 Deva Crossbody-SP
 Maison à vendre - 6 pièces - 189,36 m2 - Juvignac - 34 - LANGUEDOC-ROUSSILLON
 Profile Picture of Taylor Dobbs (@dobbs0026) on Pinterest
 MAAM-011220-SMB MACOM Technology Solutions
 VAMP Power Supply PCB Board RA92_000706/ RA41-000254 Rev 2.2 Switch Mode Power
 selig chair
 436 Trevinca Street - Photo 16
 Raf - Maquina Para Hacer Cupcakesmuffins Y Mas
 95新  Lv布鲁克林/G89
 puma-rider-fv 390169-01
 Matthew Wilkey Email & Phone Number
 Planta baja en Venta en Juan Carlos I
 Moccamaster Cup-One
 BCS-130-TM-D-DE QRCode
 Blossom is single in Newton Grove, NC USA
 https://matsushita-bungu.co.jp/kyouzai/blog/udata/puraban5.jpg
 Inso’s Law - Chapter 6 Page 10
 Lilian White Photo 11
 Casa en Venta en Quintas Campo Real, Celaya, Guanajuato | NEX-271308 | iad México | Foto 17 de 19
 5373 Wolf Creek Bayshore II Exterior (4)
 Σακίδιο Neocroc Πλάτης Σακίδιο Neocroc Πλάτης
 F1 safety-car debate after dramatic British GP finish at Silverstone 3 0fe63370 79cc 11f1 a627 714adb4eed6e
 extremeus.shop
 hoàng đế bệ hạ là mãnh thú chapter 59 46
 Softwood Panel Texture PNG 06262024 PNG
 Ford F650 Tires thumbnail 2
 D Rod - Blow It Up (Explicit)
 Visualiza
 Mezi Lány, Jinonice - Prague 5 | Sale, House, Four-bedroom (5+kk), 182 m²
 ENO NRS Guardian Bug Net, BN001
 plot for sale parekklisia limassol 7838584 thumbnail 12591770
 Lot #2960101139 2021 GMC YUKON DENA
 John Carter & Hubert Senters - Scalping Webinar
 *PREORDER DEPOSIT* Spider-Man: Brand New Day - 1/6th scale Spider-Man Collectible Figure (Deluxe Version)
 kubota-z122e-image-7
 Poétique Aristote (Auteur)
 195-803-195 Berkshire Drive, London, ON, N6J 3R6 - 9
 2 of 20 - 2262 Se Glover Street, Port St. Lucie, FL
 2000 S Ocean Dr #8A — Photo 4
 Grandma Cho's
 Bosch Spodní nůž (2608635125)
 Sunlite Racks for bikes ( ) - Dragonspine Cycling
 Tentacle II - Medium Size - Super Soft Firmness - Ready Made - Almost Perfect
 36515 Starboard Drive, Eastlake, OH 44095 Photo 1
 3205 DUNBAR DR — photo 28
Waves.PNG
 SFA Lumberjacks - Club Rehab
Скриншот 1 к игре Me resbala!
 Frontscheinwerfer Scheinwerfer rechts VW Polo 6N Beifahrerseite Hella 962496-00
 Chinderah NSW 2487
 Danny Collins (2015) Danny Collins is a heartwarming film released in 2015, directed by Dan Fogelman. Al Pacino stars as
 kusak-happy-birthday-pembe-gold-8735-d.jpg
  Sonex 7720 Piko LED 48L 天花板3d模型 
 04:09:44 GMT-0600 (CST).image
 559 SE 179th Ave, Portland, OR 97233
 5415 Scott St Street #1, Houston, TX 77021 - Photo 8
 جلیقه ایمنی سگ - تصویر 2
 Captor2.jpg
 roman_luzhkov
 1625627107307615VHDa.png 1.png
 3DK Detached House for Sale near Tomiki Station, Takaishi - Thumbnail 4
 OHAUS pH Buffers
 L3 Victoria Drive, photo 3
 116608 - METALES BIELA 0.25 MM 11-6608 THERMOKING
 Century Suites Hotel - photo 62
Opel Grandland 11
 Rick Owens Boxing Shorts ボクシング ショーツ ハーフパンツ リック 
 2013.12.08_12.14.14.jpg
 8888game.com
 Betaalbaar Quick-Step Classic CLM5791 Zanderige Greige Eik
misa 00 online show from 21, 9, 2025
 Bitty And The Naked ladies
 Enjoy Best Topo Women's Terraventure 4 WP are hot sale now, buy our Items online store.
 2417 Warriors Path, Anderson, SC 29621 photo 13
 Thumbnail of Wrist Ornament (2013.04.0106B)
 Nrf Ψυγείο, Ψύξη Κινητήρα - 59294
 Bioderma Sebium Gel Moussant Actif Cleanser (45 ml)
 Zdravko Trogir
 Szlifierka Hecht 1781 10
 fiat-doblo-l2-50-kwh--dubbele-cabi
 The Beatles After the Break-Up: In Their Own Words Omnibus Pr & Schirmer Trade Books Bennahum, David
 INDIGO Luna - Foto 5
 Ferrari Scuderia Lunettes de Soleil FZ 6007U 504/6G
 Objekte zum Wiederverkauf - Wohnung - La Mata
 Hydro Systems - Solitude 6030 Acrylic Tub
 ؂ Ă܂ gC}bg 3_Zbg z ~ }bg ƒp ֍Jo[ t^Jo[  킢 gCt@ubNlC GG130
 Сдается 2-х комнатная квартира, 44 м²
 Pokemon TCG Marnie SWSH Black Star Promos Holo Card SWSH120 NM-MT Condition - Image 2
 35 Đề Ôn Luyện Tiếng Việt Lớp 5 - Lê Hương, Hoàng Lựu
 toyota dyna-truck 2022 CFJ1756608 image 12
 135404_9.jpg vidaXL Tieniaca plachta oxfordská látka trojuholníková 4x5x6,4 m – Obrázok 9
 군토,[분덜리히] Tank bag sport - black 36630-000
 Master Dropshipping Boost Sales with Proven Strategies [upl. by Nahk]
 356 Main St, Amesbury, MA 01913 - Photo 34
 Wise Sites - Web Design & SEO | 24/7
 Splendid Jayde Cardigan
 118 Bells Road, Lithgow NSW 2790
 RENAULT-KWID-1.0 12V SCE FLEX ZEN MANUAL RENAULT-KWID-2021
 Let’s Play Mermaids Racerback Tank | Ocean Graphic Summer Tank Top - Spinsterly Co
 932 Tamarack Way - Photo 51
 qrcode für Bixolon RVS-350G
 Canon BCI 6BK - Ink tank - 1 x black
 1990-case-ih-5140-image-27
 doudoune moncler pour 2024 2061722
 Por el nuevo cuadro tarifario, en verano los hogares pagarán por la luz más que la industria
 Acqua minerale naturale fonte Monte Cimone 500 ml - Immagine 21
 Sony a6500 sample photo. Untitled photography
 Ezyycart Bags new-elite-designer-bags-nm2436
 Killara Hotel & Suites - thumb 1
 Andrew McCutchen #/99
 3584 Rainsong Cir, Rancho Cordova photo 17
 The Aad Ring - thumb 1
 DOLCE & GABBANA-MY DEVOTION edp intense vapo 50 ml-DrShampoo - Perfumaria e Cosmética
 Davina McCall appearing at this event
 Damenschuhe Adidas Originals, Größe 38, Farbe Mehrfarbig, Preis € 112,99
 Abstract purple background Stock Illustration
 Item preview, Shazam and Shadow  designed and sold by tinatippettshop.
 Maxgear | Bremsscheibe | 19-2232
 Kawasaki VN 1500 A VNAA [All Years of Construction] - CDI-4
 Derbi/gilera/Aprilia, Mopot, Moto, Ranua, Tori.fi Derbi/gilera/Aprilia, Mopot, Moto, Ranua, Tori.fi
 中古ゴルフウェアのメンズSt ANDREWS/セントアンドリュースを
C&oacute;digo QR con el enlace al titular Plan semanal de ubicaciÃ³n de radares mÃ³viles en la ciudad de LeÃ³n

WHAT NEEDS TO BE DONE :: Reprint the entire listing exactly.

SOLUTION BELOW ::
 Deva Crossbody-SP
 Maison à vendre - 6 pièces - 189,36 m2 - Juvignac - 34 - LANGUEDOC-ROUSSILLON
 Profile Picture of Taylor Dobbs (@dobbs0026) on Pinterest
 MAAM-011220-SMB MACOM Technology Solutions
 VAMP Power Supply PCB Board RA92_000706/ RA41-000254 Rev 2.2 Switch Mode Power
 selig chair
 436 Trevinca Street - Photo 16
 Raf - Maquina Para Hacer Cupcakesmuffins Y Mas
 95新  Lv布鲁克林/G89
 puma-rider-fv 390169-01
 Matthew Wilkey Email & Phone Number
 Planta baja en Venta en Juan Carlos I
 Moccamaster Cup-One
 BCS-130-TM-D-DE QRCode
 Blossom is single in Newton Grove, NC USA
 https://matsushita-bungu.co.jp/kyouzai/blog/udata/puraban5.jpg
 Inso’s Law - Chapter 6 Page 10
 Lilian White Photo 11
 Casa en Venta en Quintas Campo Real, Celaya, Guanajuato | NEX-271308 | iad México | Foto 17 de 19
 5373 Wolf Creek Bayshore II Exterior (4)
 Σακίδιο Neocroc Πλάτης Σακίδιο Neocroc Πλάτης
 F1 safety-car debate after dramatic British GP finish at Silverstone 3 0fe63370 79cc 11f1 a627 714adb4eed6e
 extremeus.shop
 hoàng đế bệ hạ là mãnh thú chapter 59 46
 Softwood Panel Texture PNG 06262024 PNG
 Ford F650 Tires thumbnail 2
 D Rod - Blow It Up (Explicit)
 Visualiza
 Mezi Lány, Jinonice - Prague 5 | Sale, House, Four-bedroom (5+kk), 182 m²
 ENO NRS Guardian Bug Net, BN001
 plot for sale parekklisia limassol 7838584 thumbnail 12591770
 Lot #2960101139 2021 GMC YUKON DENA
 John Carter & Hubert Senters - Scalping Webinar
 *PREORDER DEPOSIT* Spider-Man: Brand New Day - 1/6th scale Spider-Man Collectible Figure (Deluxe Version)
 kubota-z122e-image-7
 Poétique Aristote (Auteur)
 195-803-195 Berkshire Drive, London, ON, N6J 3R6 - 9
 2 of 20 - 2262 Se Glover Street, Port St. Lucie, FL
 2000 S Ocean Dr #8A — Photo 4
 Grandma Cho's
 Bosch Spodní nůž (2608635125)
 Sunlite Racks for bikes ( ) - Dragonspine Cycling
 Tentacle II - Medium Size - Super Soft Firmness - Ready Made - Almost Perfect
 36515 Starboard Drive, Eastlake, OH 44095 Photo 1
 3205 DUNBAR DR — photo 28
Waves.PNG
 SFA Lumberjacks - Club Rehab
Скриншот 1 к игре Me resbala!
 Frontscheinwerfer Scheinwerfer rechts VW Polo 6N Beifahrerseite Hella 962496-00
 Chinderah NSW 2487
 Danny Collins (2015) Danny Collins is a heartwarming film released in 2015, directed by Dan Fogelman. Al Pacino stars as
 kusak-happy-birthday-pembe-gold-8735-d.jpg
  Sonex 7720 Piko LED 48L 天花板3d模型 
 04:09:44 GMT-0600 (CST).image
 559 SE 179th Ave, Portland, OR 97233
 5415 Scott St Street #1, Houston, TX 77021 - Photo 8
 جلیقه ایمنی سگ - تصویر 2
 Captor2.jpg
 roman_luzhkov
 1625627107307615VHDa.png 1.png
 3DK Detached House for Sale near Tomiki Station, Takaishi - Thumbnail 4
 OHAUS pH Buffers
 L3 Victoria Drive, photo 3
 116608 - METALES BIELA 0.25 MM 11-6608 THERMOKING
 Century Suites Hotel - photo 62
Opel Grandland 11
 Rick Owens Boxing Shorts ボクシング ショーツ ハーフパンツ リック 
 2013.12.08_12.14.14.jpg
 8888game.com
 Betaalbaar Quick-Step Classic CLM5791 Zanderige Greige Eik
misa 00 online show from 21, 9, 2025
 Bitty And The Naked ladies
 Enjoy Best Topo Women's Terraventure 4 WP are hot sale now, buy our Items online store.
 2417 Warriors Path, Anderson, SC 29621 photo 13
 Thumbnail of Wrist Ornament (2013.04.0106B)
 Nrf Ψυγείο, Ψύξη Κινητήρα - 59294
 Bioderma Sebium Gel Moussant Actif Cleanser (45 ml)
 Zdravko Trogir
 Szlifierka Hecht 1781 10
 fiat-doblo-l2-50-kwh--dubbele-cabi
 The Beatles After the Break-Up: In Their Own Words Omnibus Pr & Schirmer Trade Books Bennahum, David
 INDIGO Luna - Foto 5
 Ferrari Scuderia Lunettes de Soleil FZ 6007U 504/6G
 Objekte zum Wiederverkauf - Wohnung - La Mata
 Hydro Systems - Solitude 6030 Acrylic Tub
 ؂ Ă܂ gC}bg 3_Zbg z ~ }bg ƒp ֍Jo[ t^Jo[  킢 gCt@ubNlC GG130
 Сдается 2-х комнатная квартира, 44 м²
 Pokemon TCG Marnie SWSH Black Star Promos Holo Card SWSH120 NM-MT Condition - Image 2
 35 Đề Ôn Luyện Tiếng Việt Lớp 5 - Lê Hương, Hoàng Lựu
 toyota dyna-truck 2022 CFJ1756608 image 12
 135404_9.jpg vidaXL Tieniaca plachta oxfordská látka trojuholníková 4x5x6,4 m – Obrázok 9
 군토,[분덜리히] Tank bag sport - black 36630-000
 Master Dropshipping Boost Sales with Proven Strategies [upl. by Nahk]
 356 Main St, Amesbury, MA 01913 - Photo 34
 Wise Sites - Web Design & SEO | 24/7
 Splendid Jayde Cardigan
 118 Bells Road, Lithgow NSW 2790
 RENAULT-KWID-1.0 12V SCE FLEX ZEN MANUAL RENAULT-KWID-2021
 Let’s Play Mermaids Racerback Tank | Ocean Graphic Summer Tank Top - Spinsterly Co
 932 Tamarack Way - Photo 51
 qrcode für Bixolon RVS-350G
 Canon BCI 6BK - Ink tank - 1 x black
 1990-case-ih-5140-image-27
 doudoune moncler pour 2024 2061722
 Por el nuevo cuadro tarifario, en verano los hogares pagarán por la luz más que la industria
 Acqua minerale naturale fonte Monte Cimone 500 ml - Immagine 21
 Sony a6500 sample photo. Untitled photography
 Ezyycart Bags new-elite-designer-bags-nm2436
 Killara Hotel & Suites - thumb 1
 Andrew McCutchen #/99
 3584 Rainsong Cir, Rancho Cordova photo 17
 The Aad Ring - thumb 1
 DOLCE & GABBANA-MY DEVOTION edp intense vapo 50 ml-DrShampoo - Perfumaria e Cosmética
 Davina McCall appearing at this event
 Damenschuhe Adidas Originals, Größe 38, Farbe Mehrfarbig, Preis € 112,99
 Abstract purple background Stock Illustration
 Item preview, Shazam and Shadow  designed and sold by tinatippettshop.
 Maxgear | Bremsscheibe | 19-2232
 Kawasaki VN 1500 A VNAA [All Years of Construction] - CDI-4
 Derbi/gilera/Aprilia, Mopot, Moto, Ranua, Tori.fi Derbi/gilera/Aprilia, Mopot, Moto, Ranua, Tori.fi
 中古ゴルフウェアのメンズSt ANDREWS/セントアンドリュースを
C&oacute;digo QR con el enlace al titular Plan semanal de ubicaciÃ³n de radares mÃ³viles en la ciudad de LeÃ³n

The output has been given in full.